▸ About this exercise: The pictures in the listing below are to be skipped, while the lines between the line holding "Passeio de barco" and the line holding "Boucles d'oreilles en", inclusive, are to be output exactly.

+++ Records shown

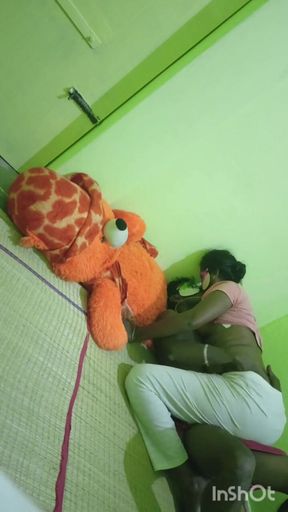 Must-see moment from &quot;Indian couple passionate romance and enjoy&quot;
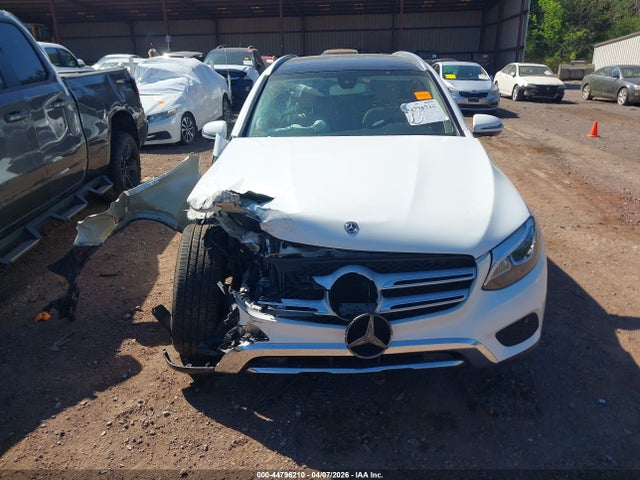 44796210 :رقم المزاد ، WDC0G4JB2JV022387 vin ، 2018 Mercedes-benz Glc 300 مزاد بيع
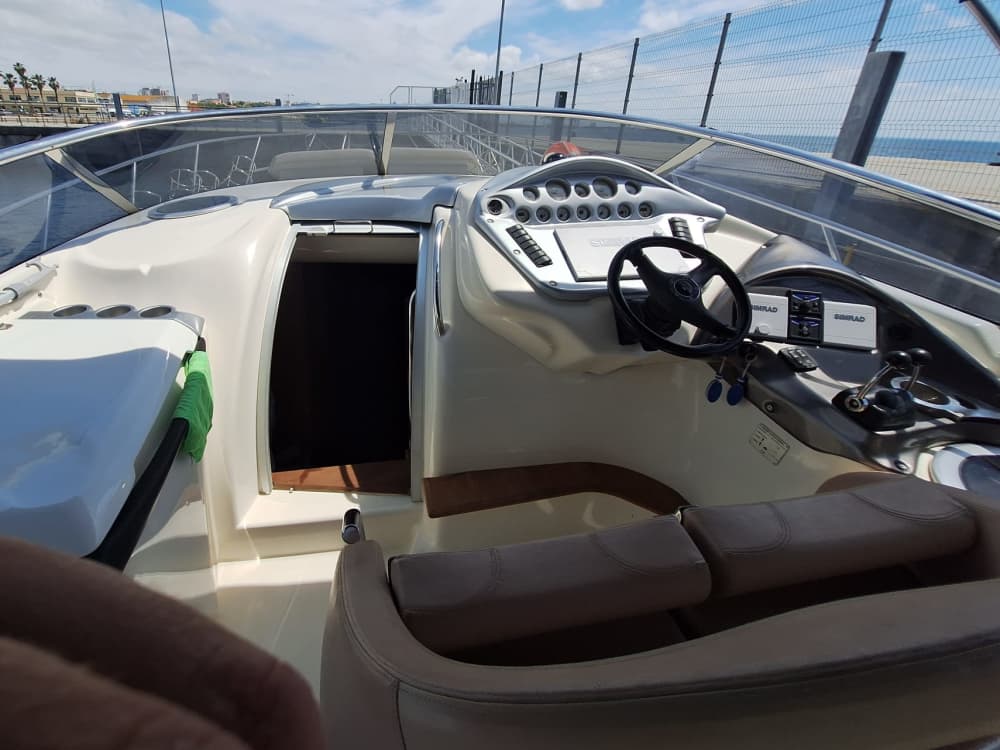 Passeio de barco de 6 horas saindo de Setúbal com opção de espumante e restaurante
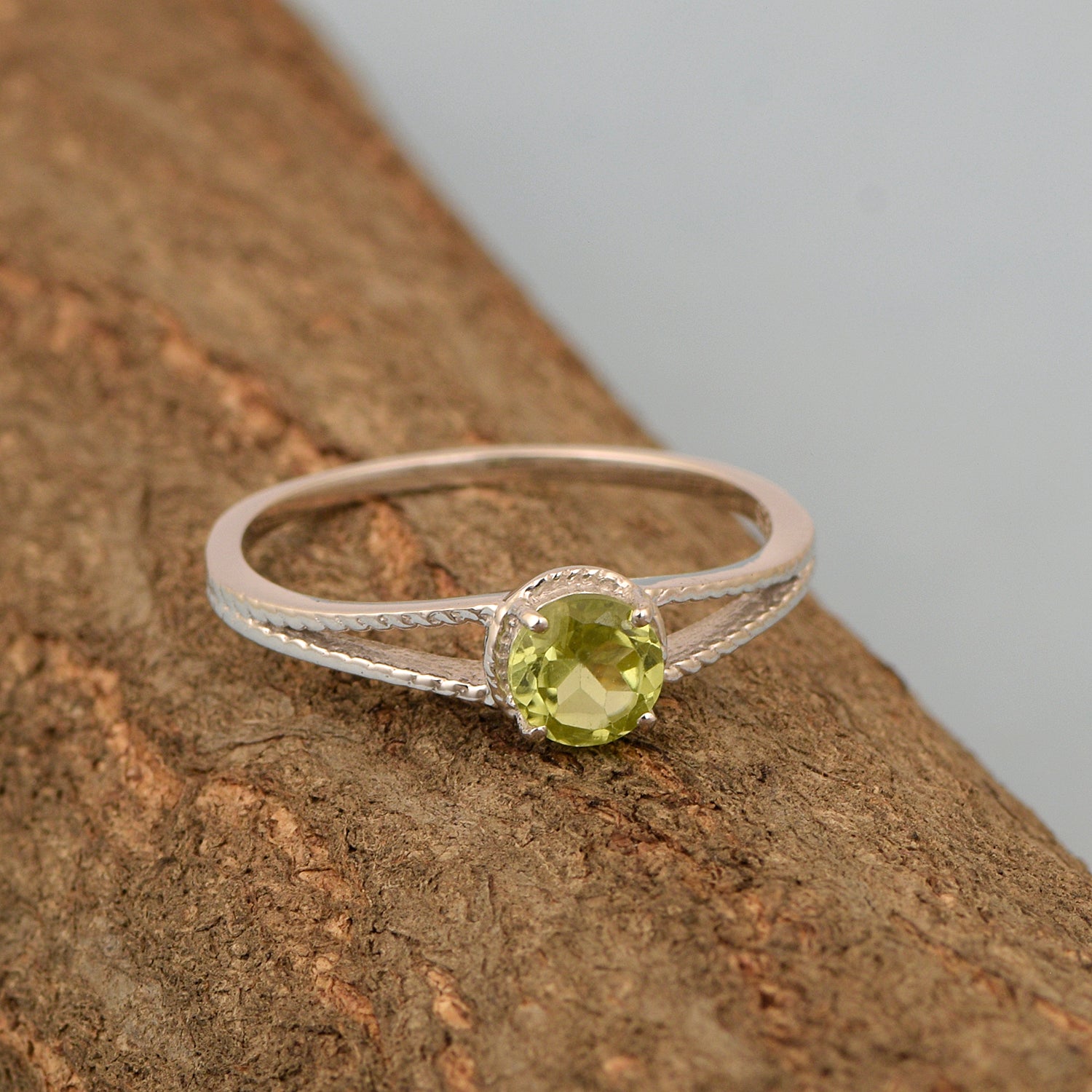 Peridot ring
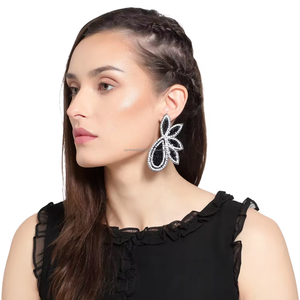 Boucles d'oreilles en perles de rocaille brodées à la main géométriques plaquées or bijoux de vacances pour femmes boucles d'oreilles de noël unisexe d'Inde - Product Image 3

++++++
+++ Records shown

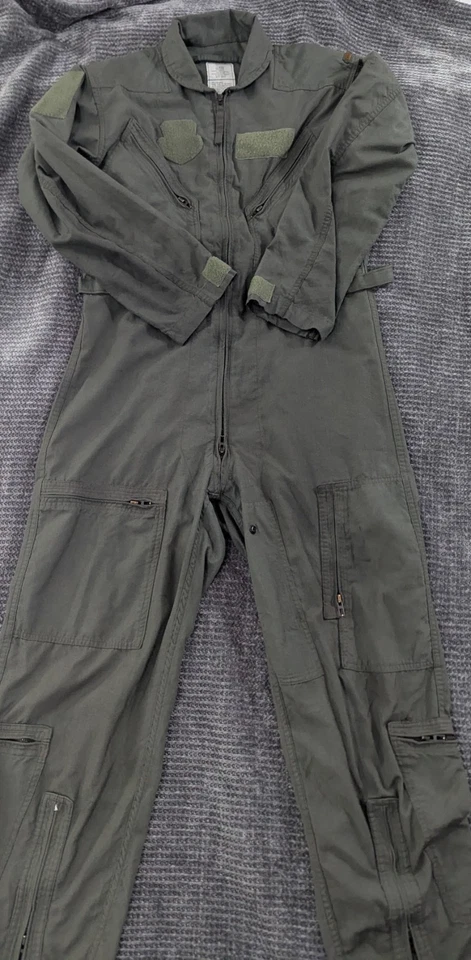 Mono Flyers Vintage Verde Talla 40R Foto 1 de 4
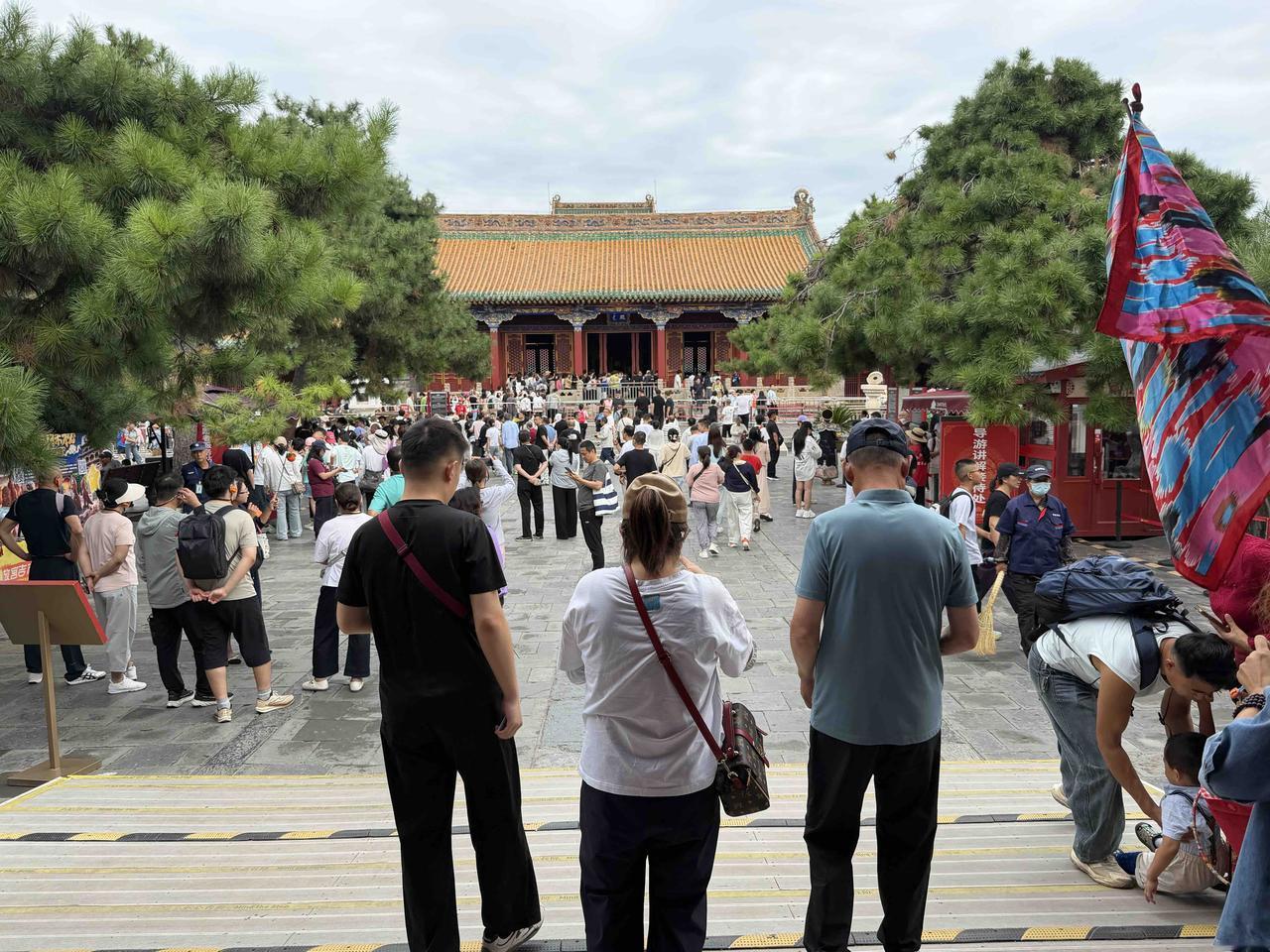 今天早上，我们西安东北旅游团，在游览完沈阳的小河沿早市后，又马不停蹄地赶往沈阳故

++++++

▸ Answer to this problem:
 Passeio de barco de 6 horas saindo de Setúbal com opção de espumante e restaurante
 Peridot ring
 Boucles d'oreilles en perles de rocaille brodées à la main géométriques plaquées or bijoux de vacances pour femmes boucles d'oreilles de noël unisexe d'Inde - Product Image 3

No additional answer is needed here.